The underlying principle of the revenue estimate is that the parcel tax has become an essential component of the city’s fiscal health and that it needs to be reauthorized at next year’s municipal election.  However, at this time the committee is tending toward a consensus that the reauthorization should be at approximately the level of the current tax and that no significant increase be proposed.  As discussed below, the committee also believes that the next tax should be tied to a set of proposals for expenditure controls, to keep the city’s budget in balance.

The committee then looked at the city’s expenditure commitments over the same time frame.  From the analysis it was clear that, even with continuation of the municipal parcel tax, the city does not have sufficient resources to maintain balanced budgets into the future. However, the committee does believe that budgets can be balanced with prudent control of expenditures.  The three most important categories are the following:

  • Operating subsidies for programs that ought to be self-sustaining through user fees such as the pool or other major new recreation facilities.  In general, committee members expressed views that the elimination of such subsidies is essential to the city’s long-term fiscal health.
  • Continuing growth in employee benefit programs, which now exceed 50% of the amount spent on salaries.  Benefits are about a quarter of the city’s general fund budget.  The committee and community greatly value the work done by their public employees.  But, as the school district has also concluded, there simply are not the resources for unchecked growth in benefit costs that could be approaching 70% of salaries by the end of the decade.  Committee members are coalescing around views that the city must find ways to level off the growth in benefit costs if the budget is to be balanced over the long term.
  • Long term needs for capital maintenance and replacement of aging facilities.  Committee members generally believe that the city must develop a multi-year financial plan that enhances the viability of its physical infrastructure, scheduling in planned upkeep and timing it to available resources.

With these particular concerns in mind, the committee will, at its next meeting on June 22, refine the list of possible expenditure limitations, leading to specific recommendations as part of its final report.  As always, the public is invited to attend committee meetings.

At the June 8 meeting, the committee also reviewed a first draft of a proposed increase in the city’s sewer tax, required to meet recent EPA mandates for clean water discharge into San Francisco Bay.  The committee took no action on the draft, asking instead for a staff report back on other options to reduce the financial burden of meeting the federal requirements.  Those options will be reviewed at the next meeting.


One Response to “Municipal Tax Review News!

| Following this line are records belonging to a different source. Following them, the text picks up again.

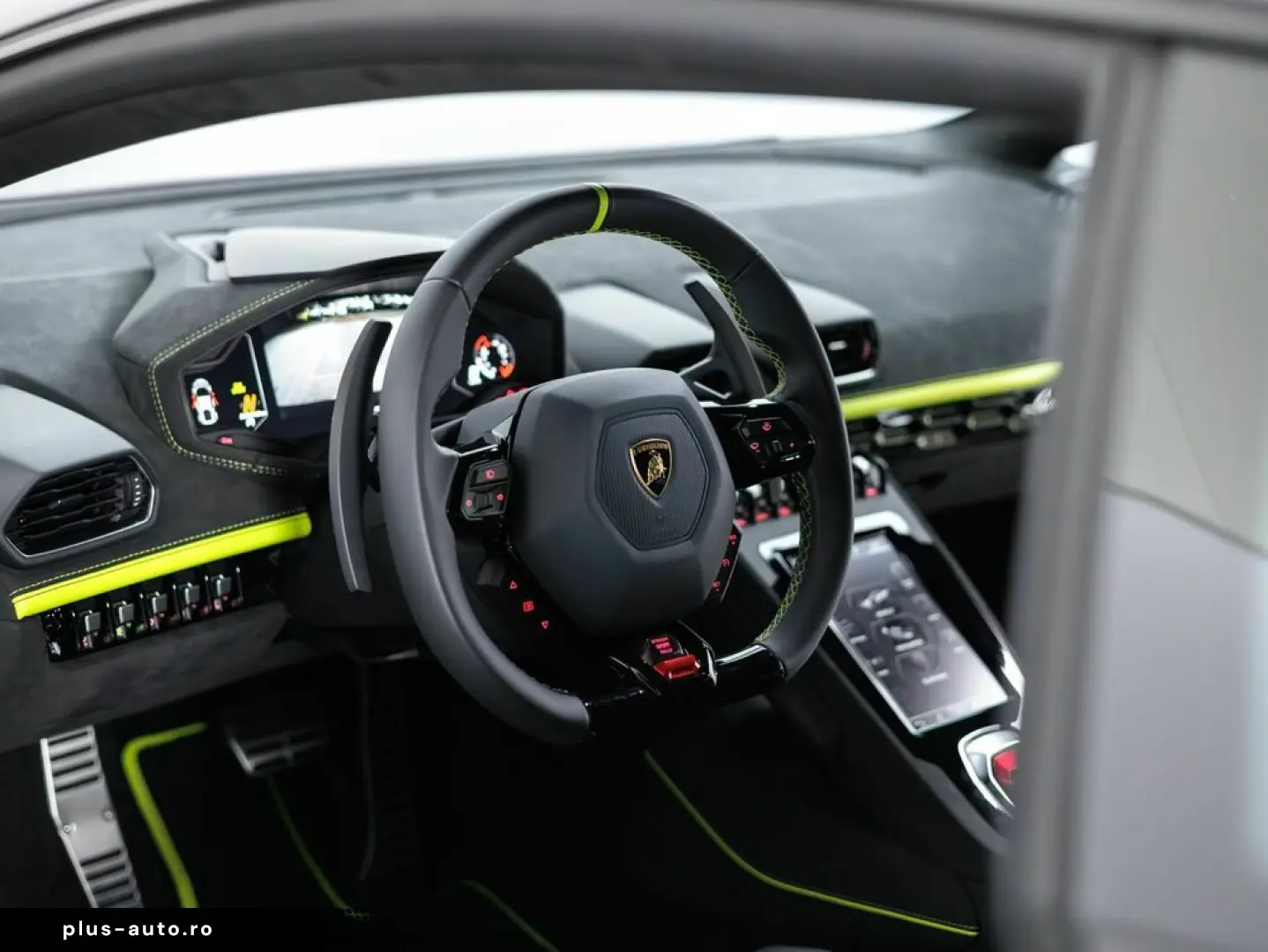 LAMBORGHINI Huracán Sterrato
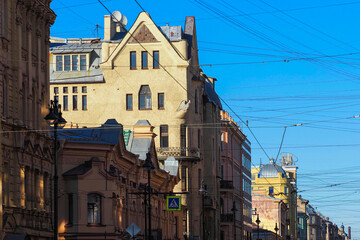 Obraz premium Decorative element, rooster on the corner of house. Putilova house, Finnish national romanticism in St. Petersburg, Russia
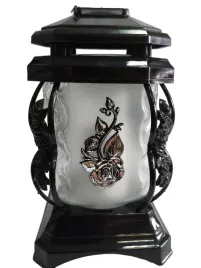 znicz-szklany-kapliczka-czarna-ze-srebrna-roza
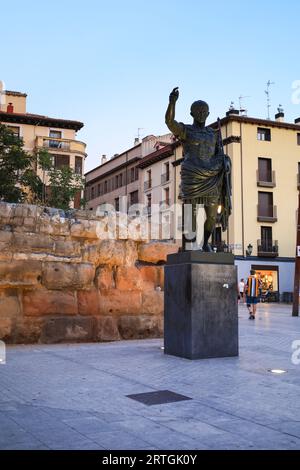 Saragossa, Spanien – 14. August 2023: Bronzestatue, geschmiedet in Neapel und geschenkt von Mussolinis italienischer Regierung in Zaragoza, Spanien Stockfoto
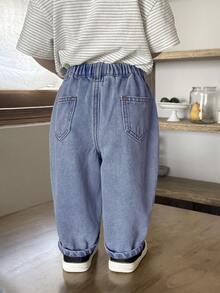 SHEIN Baby Boys Casual Soft Retro Vintage Washed Baggy Blue Denim Tapered Pants,For Baby Spring Summer Clothes Daily Wear Outfits - Medium Wash - View 2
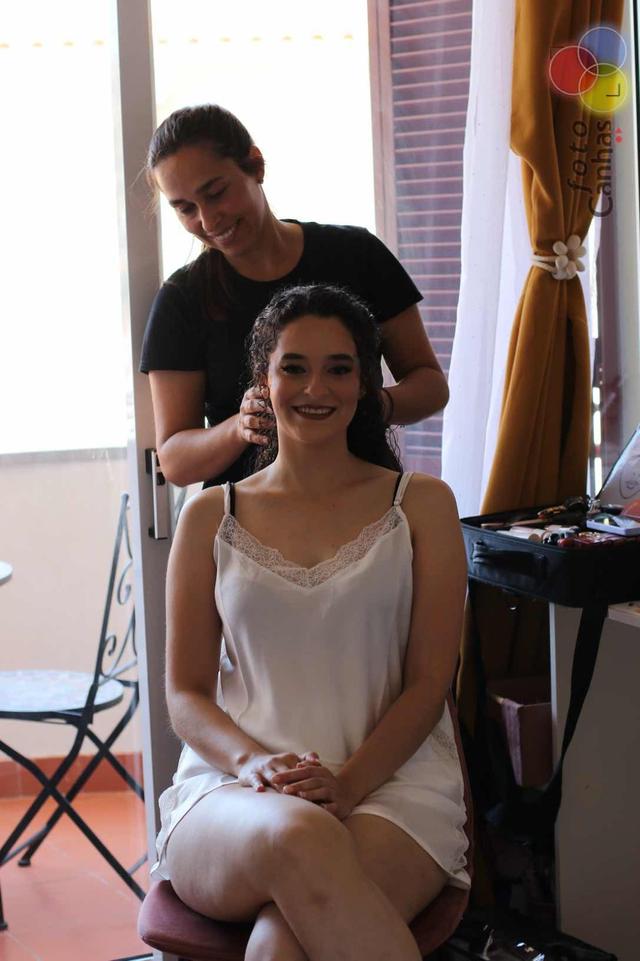 Alice Loves Makeup - 2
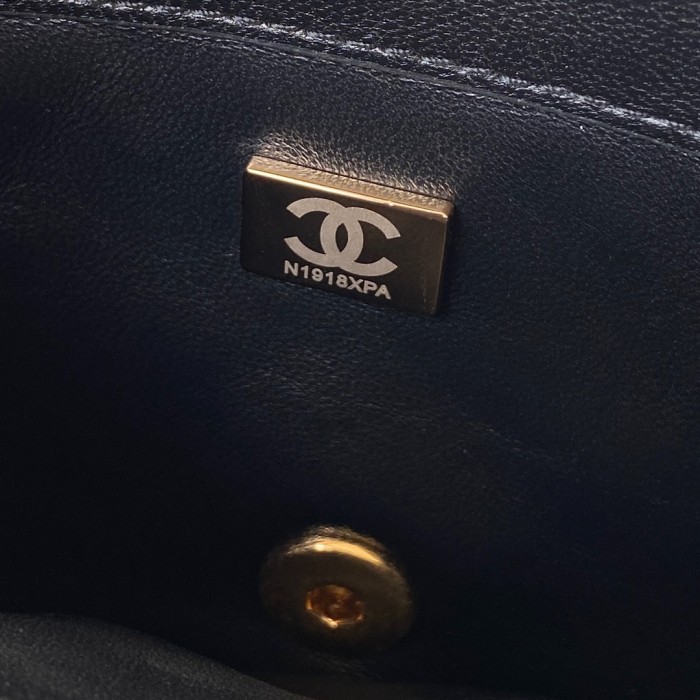 Handbag Chanel AS3366 size 20X9X13.5 Cm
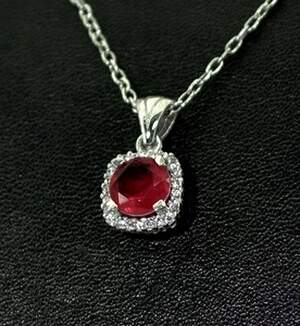 Срібна підвіска 925 проби 1,93 г з Турмаліном Рубелітом та цирконами 1,95 карат Срібна підвіска 925 проби 1,93 г з Турмаліном Рубелітом та цирконами 1,95 карат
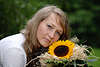 Frau-Blick eng Blumenstrauss Blondine hbsches Mdchen mit Sonnenblume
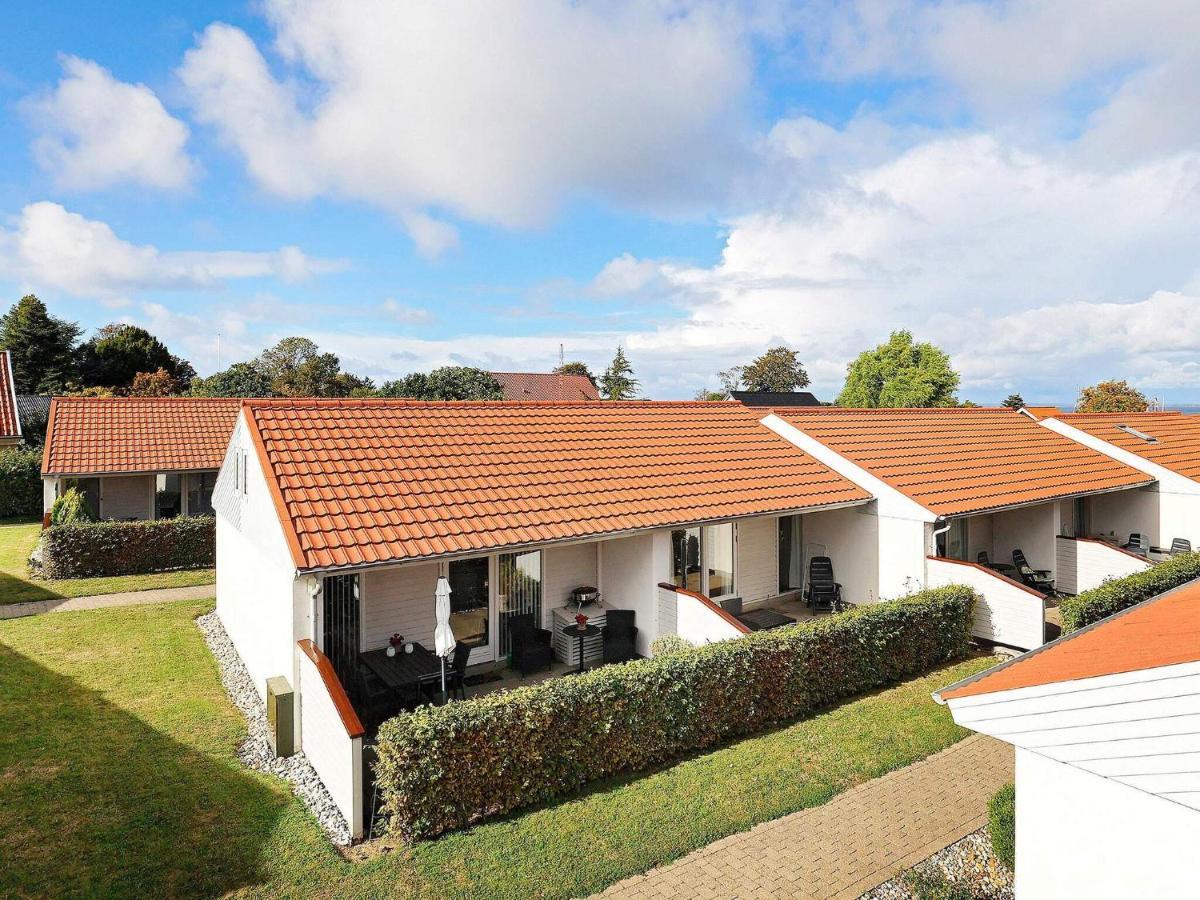 4 Person Holiday Home In R Sk Bing Ærøskøbing Esterno foto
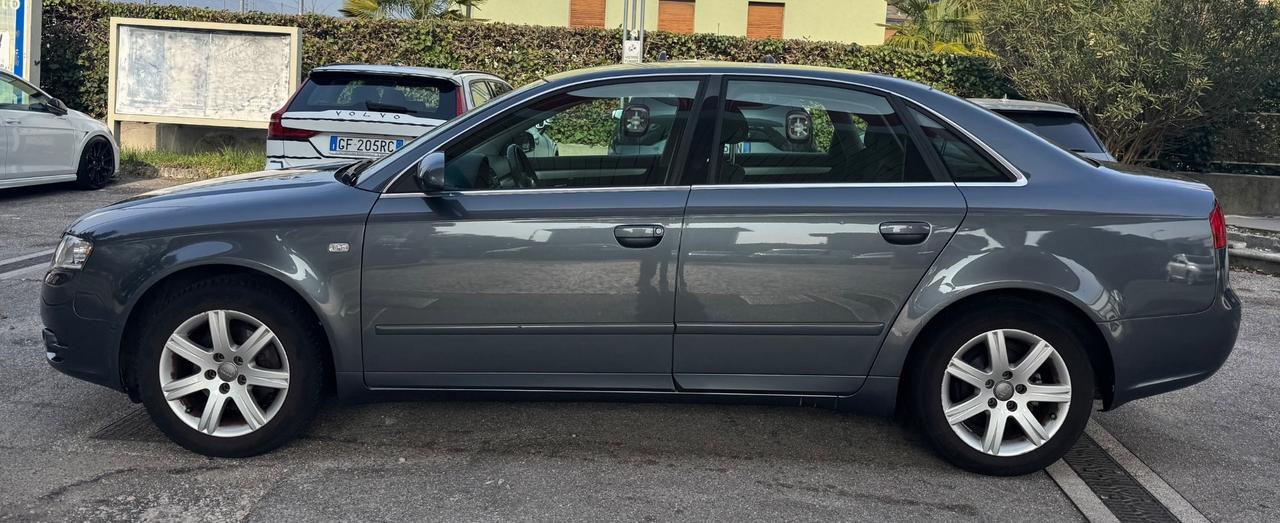 Audi A4 2.0 16V TDI Sport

June 8, 2011”

  1. I appreciate the work of the Committee in confronting the hard choices necessary to balance the City’s budget in light of increasing employee compensation. Given the increases in benefit costs, the City-paid share of health insurance should be capped. The City also must limit its post-employment commitments. The City should not pay the “employee share” of the PERS retirement contributions. Private sector employees have been subject to these limits for many years.